WHAT THE TASK REQUIRES » Because the entries hold pictures, reproduce only their words, exactly as written.

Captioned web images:
######

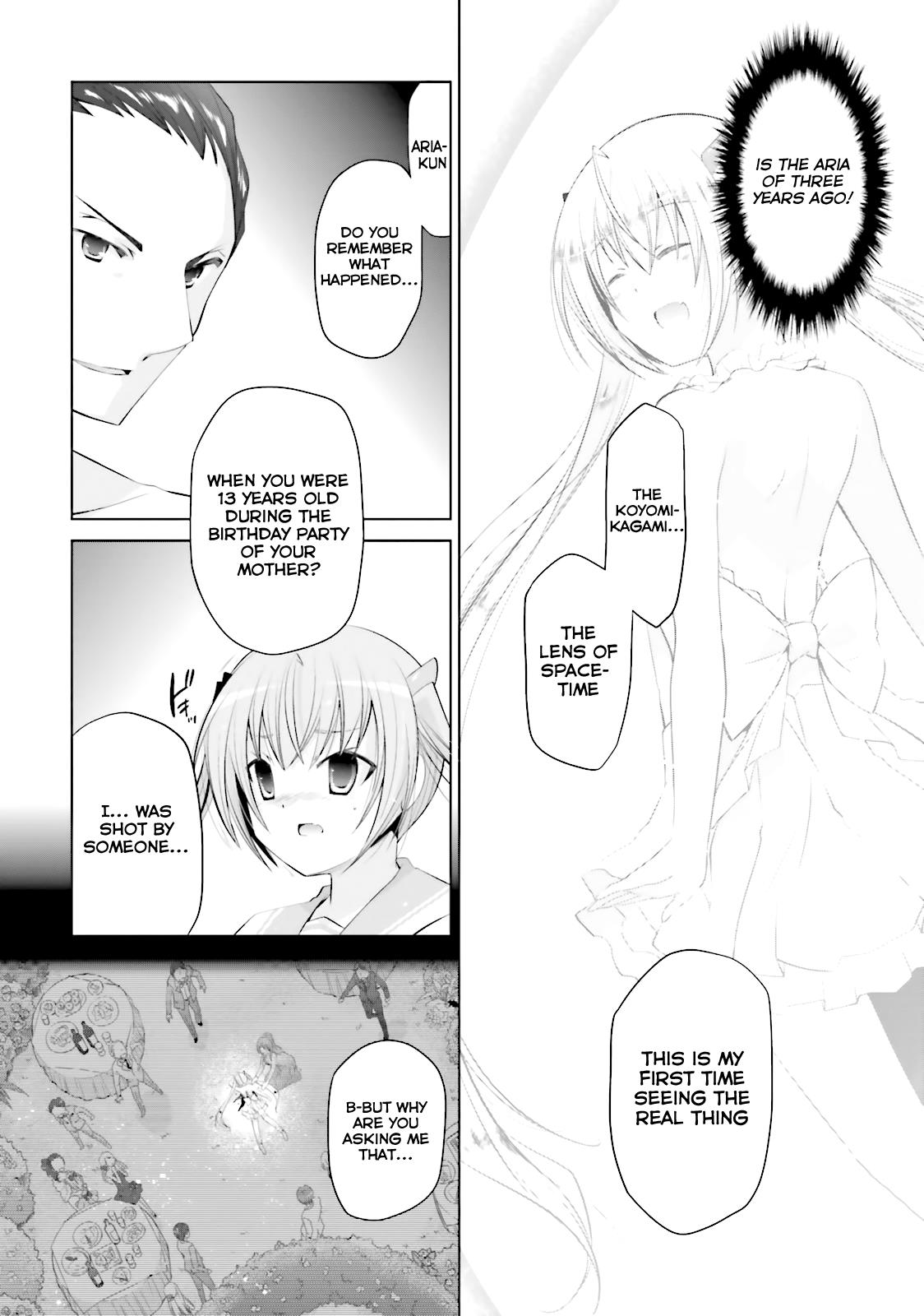 Hidan no Aria Ammo 66 3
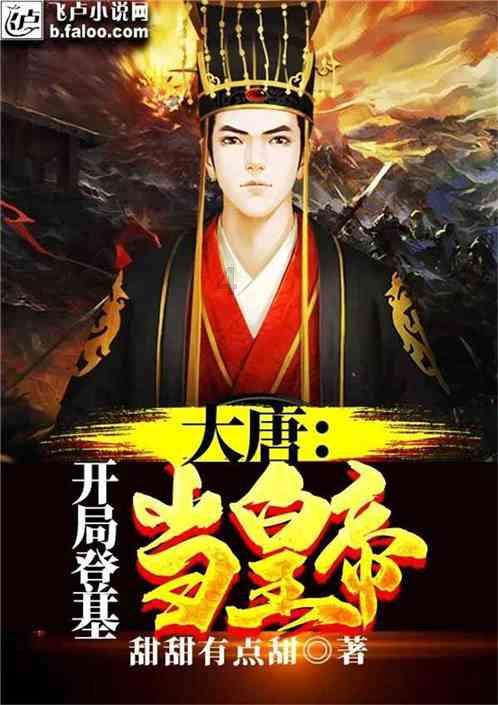 迁安驾校收费标准游戏画面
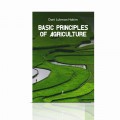 Basic Principles of Agriculture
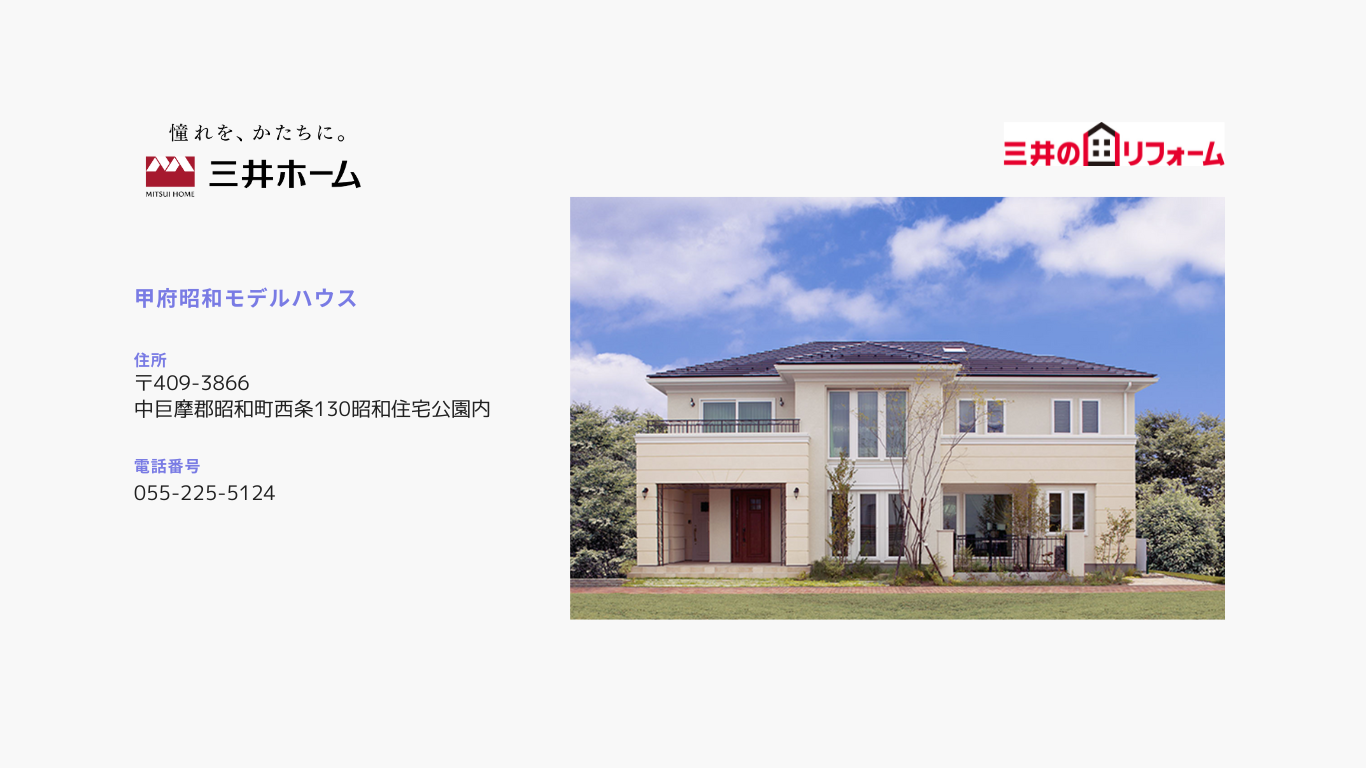甲府昭和モデルハウス.png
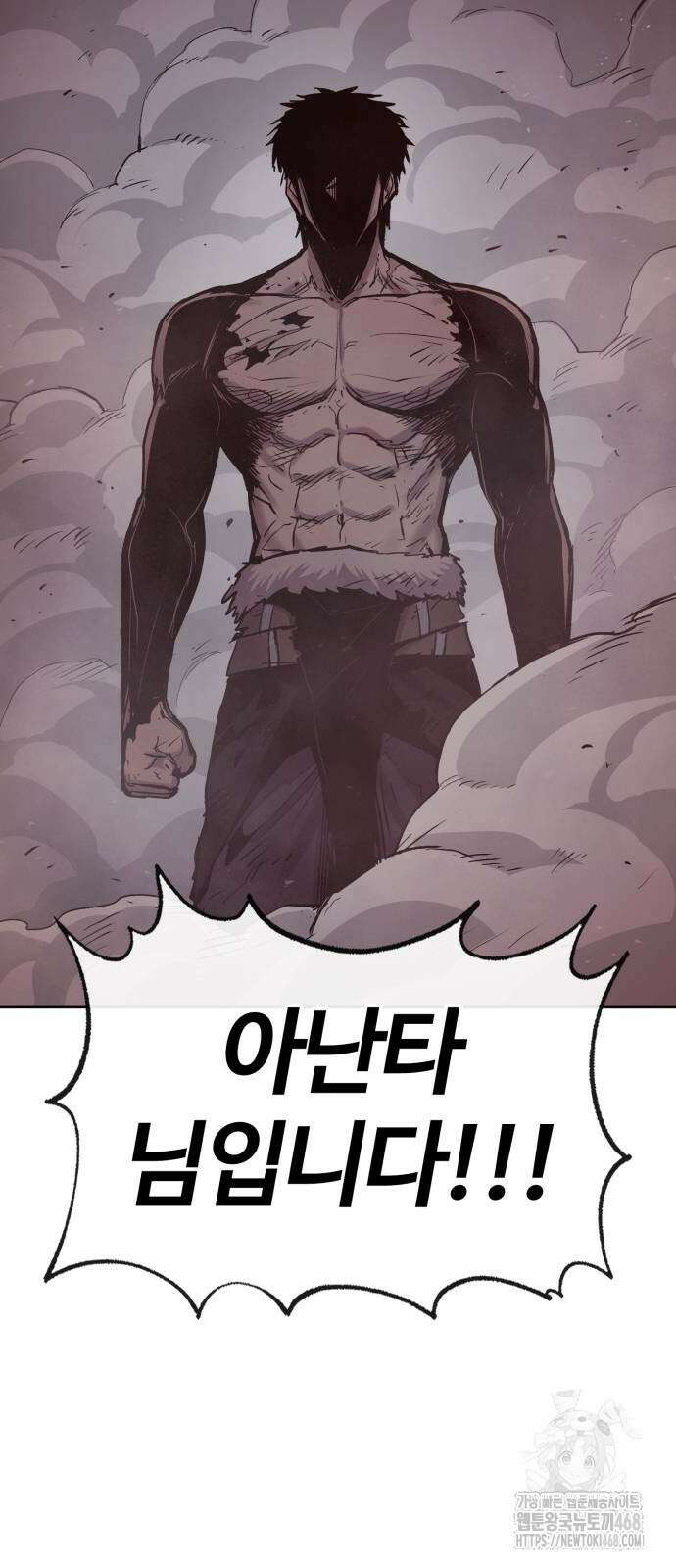 울부짖는 역린 82화 8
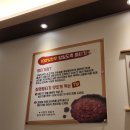 화명뭉티기 이미지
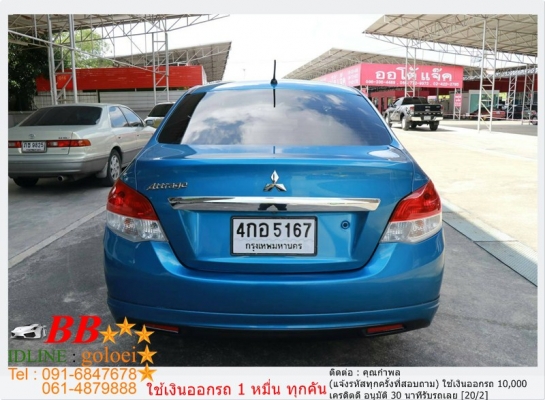MITSUBISHI ATTRAGE 1.2 GLS 2013 ใช้เงินออกรถ 10,000 บาท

######

RESULT »
 Hidan no Aria Ammo 66 3
 迁安驾校收费标准游戏画面
 Basic Principles of Agriculture
甲府昭和モデルハウス.png
 울부짖는 역린 82화 8
 화명뭉티기 이미지
MITSUBISHI ATTRAGE 1.2 GLS 2013 ใช้เงินออกรถ 10,000 บาท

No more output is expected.